Source material section start
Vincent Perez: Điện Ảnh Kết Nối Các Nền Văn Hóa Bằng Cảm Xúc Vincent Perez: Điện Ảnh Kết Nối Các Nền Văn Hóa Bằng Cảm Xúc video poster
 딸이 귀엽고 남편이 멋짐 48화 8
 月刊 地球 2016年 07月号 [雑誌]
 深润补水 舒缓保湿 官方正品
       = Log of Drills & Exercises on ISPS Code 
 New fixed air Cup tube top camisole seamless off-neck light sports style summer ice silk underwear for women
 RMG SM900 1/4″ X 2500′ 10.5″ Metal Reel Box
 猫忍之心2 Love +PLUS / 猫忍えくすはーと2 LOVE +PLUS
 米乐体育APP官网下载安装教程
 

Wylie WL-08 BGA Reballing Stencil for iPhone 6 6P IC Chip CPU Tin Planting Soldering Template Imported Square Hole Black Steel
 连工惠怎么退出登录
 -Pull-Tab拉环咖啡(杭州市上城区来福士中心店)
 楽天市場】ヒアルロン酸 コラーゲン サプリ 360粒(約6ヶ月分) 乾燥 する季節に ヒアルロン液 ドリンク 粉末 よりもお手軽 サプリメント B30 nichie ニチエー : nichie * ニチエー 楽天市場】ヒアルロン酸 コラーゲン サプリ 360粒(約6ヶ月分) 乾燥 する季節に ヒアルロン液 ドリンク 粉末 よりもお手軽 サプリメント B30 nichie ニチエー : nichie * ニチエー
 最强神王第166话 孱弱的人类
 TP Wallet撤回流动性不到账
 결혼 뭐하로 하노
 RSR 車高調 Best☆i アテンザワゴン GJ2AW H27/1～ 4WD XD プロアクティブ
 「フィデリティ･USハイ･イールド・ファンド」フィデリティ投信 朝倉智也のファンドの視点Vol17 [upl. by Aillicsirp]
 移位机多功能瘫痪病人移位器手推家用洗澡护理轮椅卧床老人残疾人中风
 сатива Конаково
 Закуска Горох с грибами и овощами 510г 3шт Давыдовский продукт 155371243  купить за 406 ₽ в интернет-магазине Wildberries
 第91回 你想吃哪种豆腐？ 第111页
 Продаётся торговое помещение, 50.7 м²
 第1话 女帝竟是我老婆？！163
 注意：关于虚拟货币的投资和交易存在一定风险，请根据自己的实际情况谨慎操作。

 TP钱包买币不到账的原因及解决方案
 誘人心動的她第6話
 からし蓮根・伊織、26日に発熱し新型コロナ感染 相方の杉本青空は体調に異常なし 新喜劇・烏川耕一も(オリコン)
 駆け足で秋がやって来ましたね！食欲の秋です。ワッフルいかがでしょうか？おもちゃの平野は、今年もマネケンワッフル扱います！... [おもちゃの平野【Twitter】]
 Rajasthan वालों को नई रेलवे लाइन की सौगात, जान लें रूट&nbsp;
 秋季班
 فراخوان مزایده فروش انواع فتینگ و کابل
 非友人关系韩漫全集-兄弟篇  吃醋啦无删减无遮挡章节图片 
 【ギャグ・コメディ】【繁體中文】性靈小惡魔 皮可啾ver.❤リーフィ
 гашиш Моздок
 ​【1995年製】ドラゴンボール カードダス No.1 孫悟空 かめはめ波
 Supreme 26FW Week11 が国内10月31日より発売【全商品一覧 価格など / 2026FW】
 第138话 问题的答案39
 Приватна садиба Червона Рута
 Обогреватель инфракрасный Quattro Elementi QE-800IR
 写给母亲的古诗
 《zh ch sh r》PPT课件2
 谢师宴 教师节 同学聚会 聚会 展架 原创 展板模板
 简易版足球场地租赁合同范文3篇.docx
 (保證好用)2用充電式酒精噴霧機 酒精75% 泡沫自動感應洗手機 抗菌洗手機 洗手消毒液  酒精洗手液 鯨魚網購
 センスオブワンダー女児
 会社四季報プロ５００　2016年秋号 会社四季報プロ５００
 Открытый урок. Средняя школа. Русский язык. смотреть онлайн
Source material section end
#### About this exercise:
From the first line to the last, output the records word for word.

#### Written solution:
Vincent Perez: Điện Ảnh Kết Nối Các Nền Văn Hóa Bằng Cảm Xúc Vincent Perez: Điện Ảnh Kết Nối Các Nền Văn Hóa Bằng Cảm Xúc video poster
 딸이 귀엽고 남편이 멋짐 48화 8
 月刊 地球 2016年 07月号 [雑誌]
 深润补水 舒缓保湿 官方正品
       = Log of Drills & Exercises on ISPS Code 
 New fixed air Cup tube top camisole seamless off-neck light sports style summer ice silk underwear for women
 RMG SM900 1/4″ X 2500′ 10.5″ Metal Reel Box
 猫忍之心2 Love +PLUS / 猫忍えくすはーと2 LOVE +PLUS
 米乐体育APP官网下载安装教程
 

Wylie WL-08 BGA Reballing Stencil for iPhone 6 6P IC Chip CPU Tin Planting Soldering Template Imported Square Hole Black Steel
 连工惠怎么退出登录
 -Pull-Tab拉环咖啡(杭州市上城区来福士中心店)
 楽天市場】ヒアルロン酸 コラーゲン サプリ 360粒(約6ヶ月分) 乾燥 する季節に ヒアルロン液 ドリンク 粉末 よりもお手軽 サプリメント B30 nichie ニチエー : nichie * ニチエー 楽天市場】ヒアルロン酸 コラーゲン サプリ 360粒(約6ヶ月分) 乾燥 する季節に ヒアルロン液 ドリンク 粉末 よりもお手軽 サプリメント B30 nichie ニチエー : nichie * ニチエー
 最强神王第166话 孱弱的人类
 TP Wallet撤回流动性不到账
 결혼 뭐하로 하노
 RSR 車高調 Best☆i アテンザワゴン GJ2AW H27/1～ 4WD XD プロアクティブ
 「フィデリティ･USハイ･イールド・ファンド」フィデリティ投信 朝倉智也のファンドの視点Vol17 [upl. by Aillicsirp]
 移位机多功能瘫痪病人移位器手推家用洗澡护理轮椅卧床老人残疾人中风
 сатива Конаково
 Закуска Горох с грибами и овощами 510г 3шт Давыдовский продукт 155371243  купить за 406 ₽ в интернет-магазине Wildberries
 第91回 你想吃哪种豆腐？ 第111页
 Продаётся торговое помещение, 50.7 м²
 第1话 女帝竟是我老婆？！163
 注意：关于虚拟货币的投资和交易存在一定风险，请根据自己的实际情况谨慎操作。

 TP钱包买币不到账的原因及解决方案
 誘人心動的她第6話
 からし蓮根・伊織、26日に発熱し新型コロナ感染 相方の杉本青空は体調に異常なし 新喜劇・烏川耕一も(オリコン)
 駆け足で秋がやって来ましたね！食欲の秋です。ワッフルいかがでしょうか？おもちゃの平野は、今年もマネケンワッフル扱います！... [おもちゃの平野【Twitter】]
 Rajasthan वालों को नई रेलवे लाइन की सौगात, जान लें रूट&nbsp;
 秋季班
 فراخوان مزایده فروش انواع فتینگ و کابل
 非友人关系韩漫全集-兄弟篇  吃醋啦无删减无遮挡章节图片 
 【ギャグ・コメディ】【繁體中文】性靈小惡魔 皮可啾ver.❤リーフィ
 гашиш Моздок
 ​【1995年製】ドラゴンボール カードダス No.1 孫悟空 かめはめ波
 Supreme 26FW Week11 が国内10月31日より発売【全商品一覧 価格など / 2026FW】
 第138话 问题的答案39
 Приватна садиба Червона Рута
 Обогреватель инфракрасный Quattro Elementi QE-800IR
 写给母亲的古诗
 《zh ch sh r》PPT课件2
 谢师宴 教师节 同学聚会 聚会 展架 原创 展板模板
 简易版足球场地租赁合同范文3篇.docx
 (保證好用)2用充電式酒精噴霧機 酒精75% 泡沫自動感應洗手機 抗菌洗手機 洗手消毒液  酒精洗手液 鯨魚網購
 センスオブワンダー女児
 会社四季報プロ５００　2016年秋号 会社四季報プロ５００
 Открытый урок. Средняя школа. Русский язык. смотреть онлайн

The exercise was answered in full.